Use group_by() and summarize() on sample_n_50_1000_rep to calculate the sample mean \(\bar{x}\) of age for each of the 1000 replicates; save these values in x_bar_n_50_1000_rep. We will use these values to construct the sampling distribution for the sample mean age \(\bar{x}\) based on samples of size n = 50. Be sure to View() the results to check your work!

x_bar_n_50_1000_rep <- sample_n_50_1000_rep %>% 
  group_by(replicate) %>%
  summarize(mean_age = mean(age))

c) Visualize the sampling distribution of \(\bar{x}\)

Plot the sampling distribution of the 1000 sample means \(\bar{x}\) of age with a histogram.

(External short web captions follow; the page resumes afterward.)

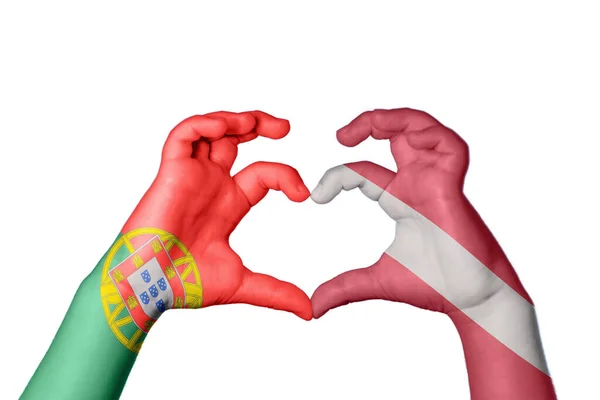 Portugal Lettland Herz Handbewegung Die Herz Macht Clipping Path — Stockfoto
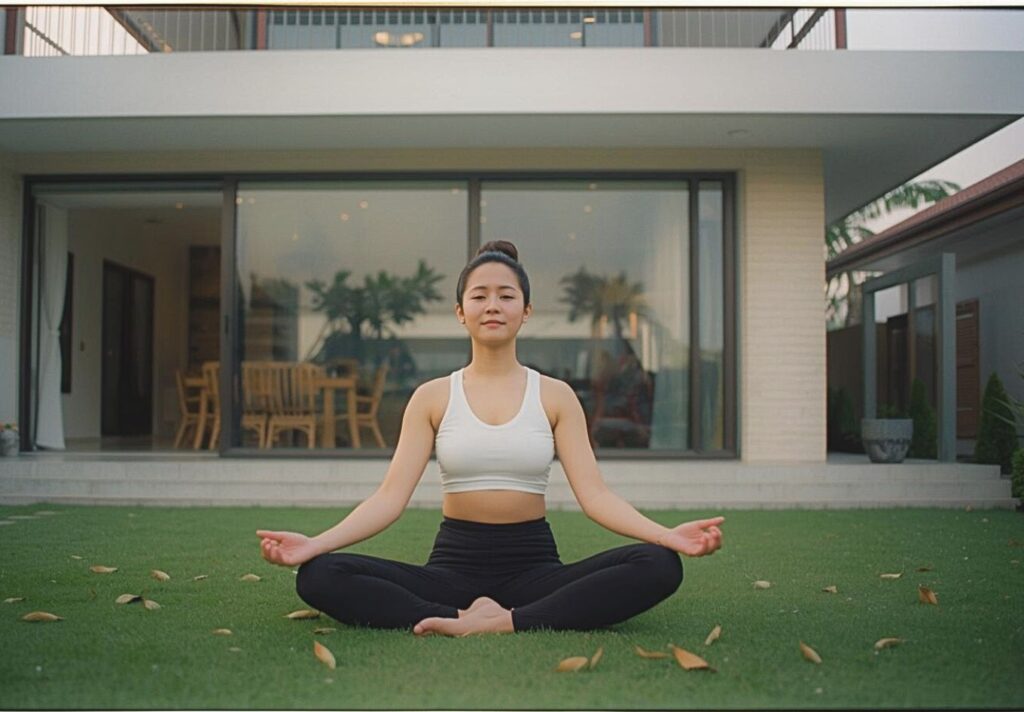 copy of rareph leph blog posts featured images close up of woman doing yoga sitting on the garden of a new modern house in nuvali sta. rosa laguna philippines, early morning, slide film, rangefinder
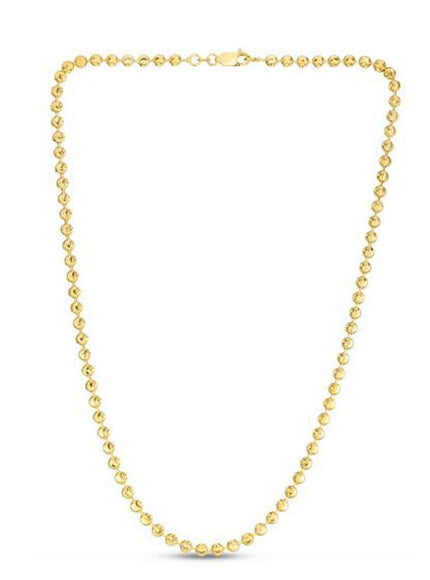 Moon Cut Bead Chain in 14k Yellow Gold (4.0 mm)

Give your histogram a meaningful x-axis label and title.

ggplot(x_bar_n_50_1000_rep, aes(x = mean_age)) +
  geom_histogram(binwidth = 1, color = "white", fill = "light blue") +
  labs(x = "mean age of sample population", title = "sample population based on n = 50")

d) Center of sampling distribution

Numerically compute and output in your HTML document the values of:

  1. The center of this sampling distribution
  2. The true population mean age \(\mu\).
# Center of sampling distribution
x_bar_n_50_1000_rep %>% 
  summarize(x_bar_centre = mean(mean_age))
x_bar_centre
43.26866 
# True population mean
pop_mean <- age_ind_voters %>% 
  summarize(meanage = mean(age))
pop_mean
meanage
43.27262

Question: Why are these two values close?

Answer: The sampling distribution is bootstrapped and the taking the centre simulates taking the mean of multiple samples from the original population, which would in theory be more likely produce an estimate of the mean very close to the true mean.

e) Spread of sampling distribution: standard error

Calculate the standard error of the sample mean age \(\bar{x}\), which is the standard deviation of the sampling distribution for \(\bar{x}\).

x_bar_n_50_1000_rep %>% 
  summarize(SE = sd(mean_age))
SE
2.299385

Question: If our sampling were based on samples of size n = 100 individuals instead, what would happen to the standard error?

Answer: The standard error would decrease.